Tom Beasley argues that the Golden Globes do not deserve their position as a major awards ceremony and Oscars precursor…
The film world briefly lit up with awards excitement earlier today with the announcement of the nominations for the 2018 Golden Globes. It was Guillermo del Toro’s warm and wildly enjoyable fantasy romance The Shape of Water that led the field, with seven nominations from the Hollywood Foreign Press Association. Also featured prominently were Three Billboards Outside Ebbing, Missouri, Christopher Nolan’s war thriller Dunkirk and gay romance Call Me By Your Name. It was a less exciting day for those behind The Florida Project, which was shut out in all of the major categories, with the exception of Willem Dafoe for Best Supporting Actor.
The eyebrow-raiser, though, was the appearance of Jordan Peele’s potent horror satire Get Out, which popped up in several of the comedy categories, including Best Film and Best Actor for Daniel Kaluuya.
For awards season nerds – this writer included – the Golden Globes are the odd duck of the run-up to the Oscars. It’s a ceremony that makes strange choices and often seems to be more interested in who the HFPA can get on the red carpet than in awarding the best films and filmmaking of the year gone by. The ceremony only has a 60% record for predicting the Best Picture Oscar over the last 20 years, despite the fact it always has two bites at the cherry.
The issue with the Golden Globes comes down to this distinction between films that fall into its ‘Drama’ categories and those that are positioned in the ‘Musical or Comedy’ field. Every year, this creates a strange situation where films that have anything more than a couple of chuckles rippling through the audience in their early screenings are thrown into the ‘Musical or Comedy’ categories.
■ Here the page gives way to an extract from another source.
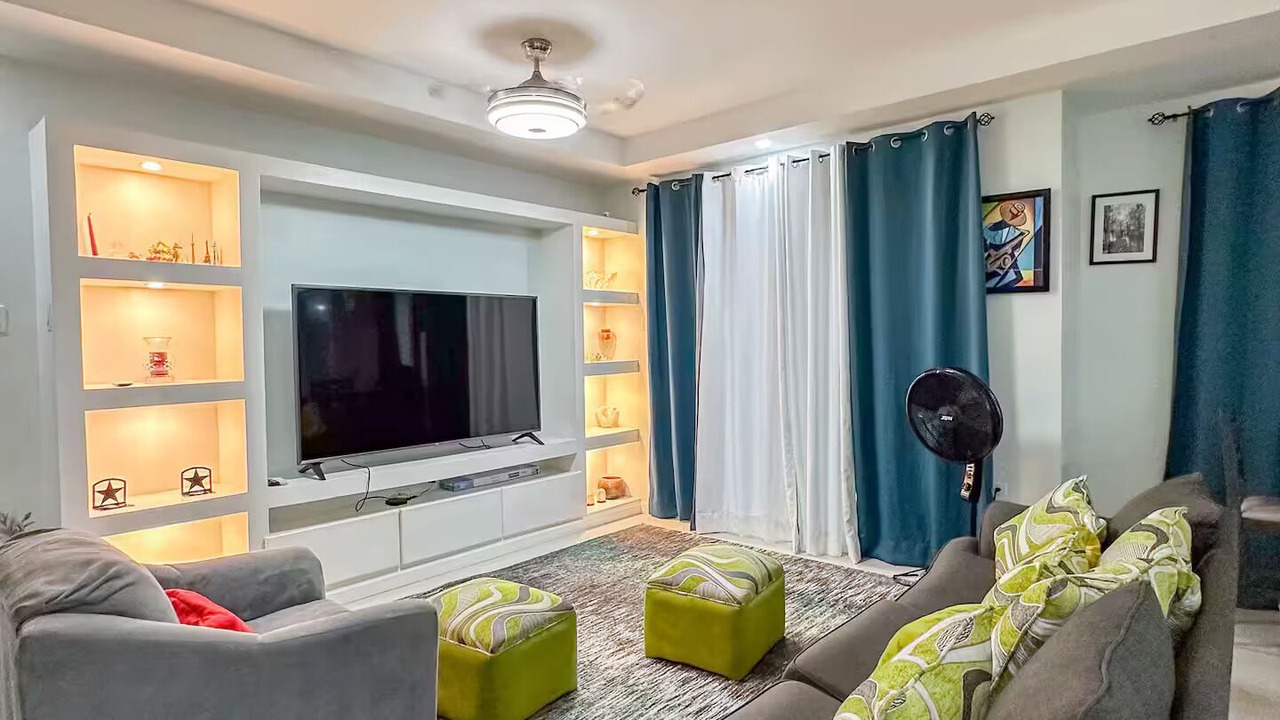 Photo of Livingroom in Eastwood Park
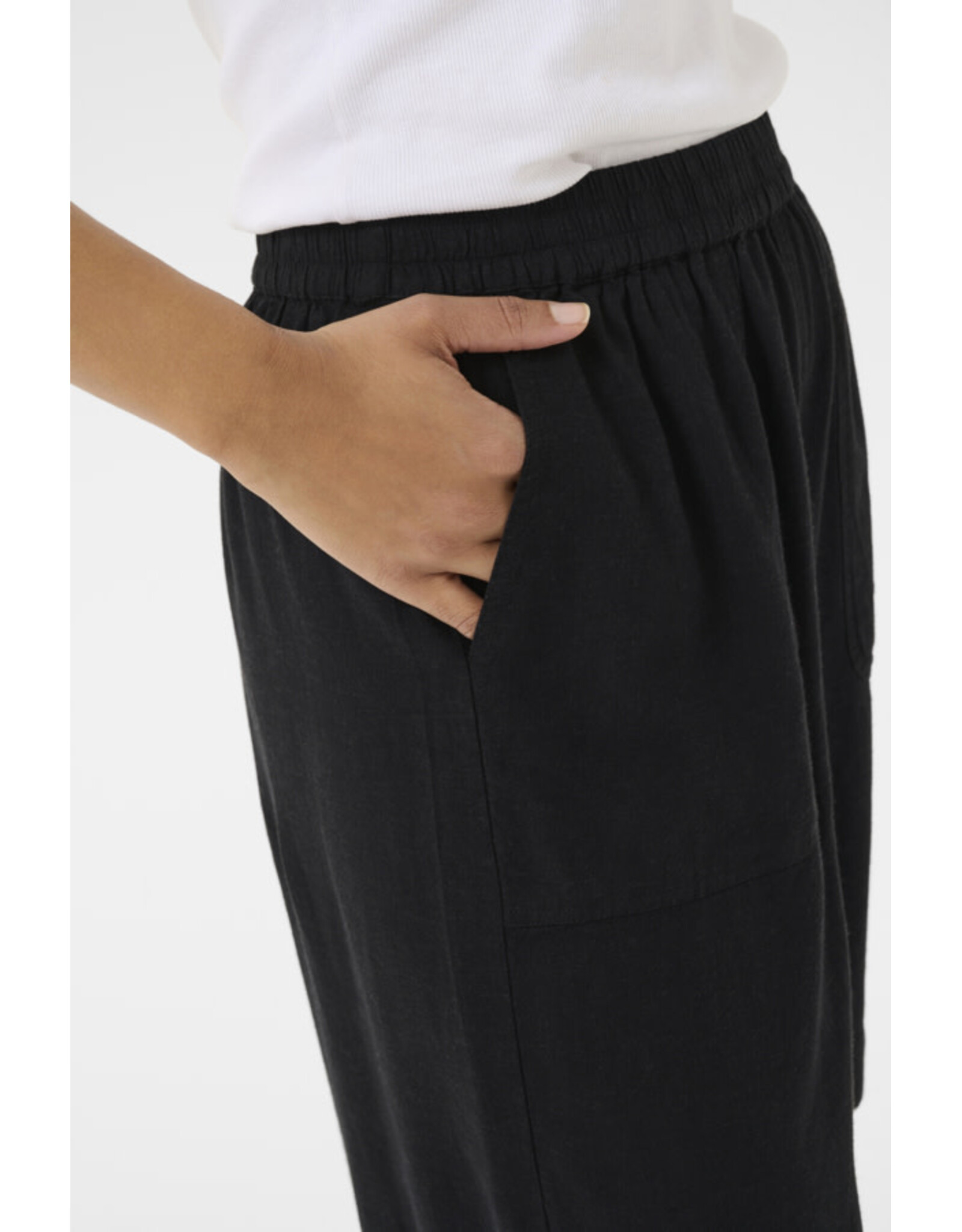 Kaffe Kaffe - Milia Shorts (Black Deep)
This hides them from the big hitters in the dramatic categories, whether that’s fair or not. It’s a cowardly move from distributors seeking to avoid the competition of the more crowded categories. Comedy supremo Judd Apatow has described this sort of strategy as a “punk move” in the past – and it’s tough to disagree with him.
On the face of it, though, this sort of category fraud can feel like a good thing for movies like Get Out, which would have been unlikely to even get a nomination in the ‘Drama’ category. A couple of years ago, Ridley Scott’s The Martian won two awards at the Golden Globes thanks to its perhaps undeserved classification as a comedy. It wouldn’t have come close to those prizes had it been competing against The Revenant or Spotlight, which won that year’s Oscar for Best Picture. If lighter movies want awards season attention, they have to compete as comedies.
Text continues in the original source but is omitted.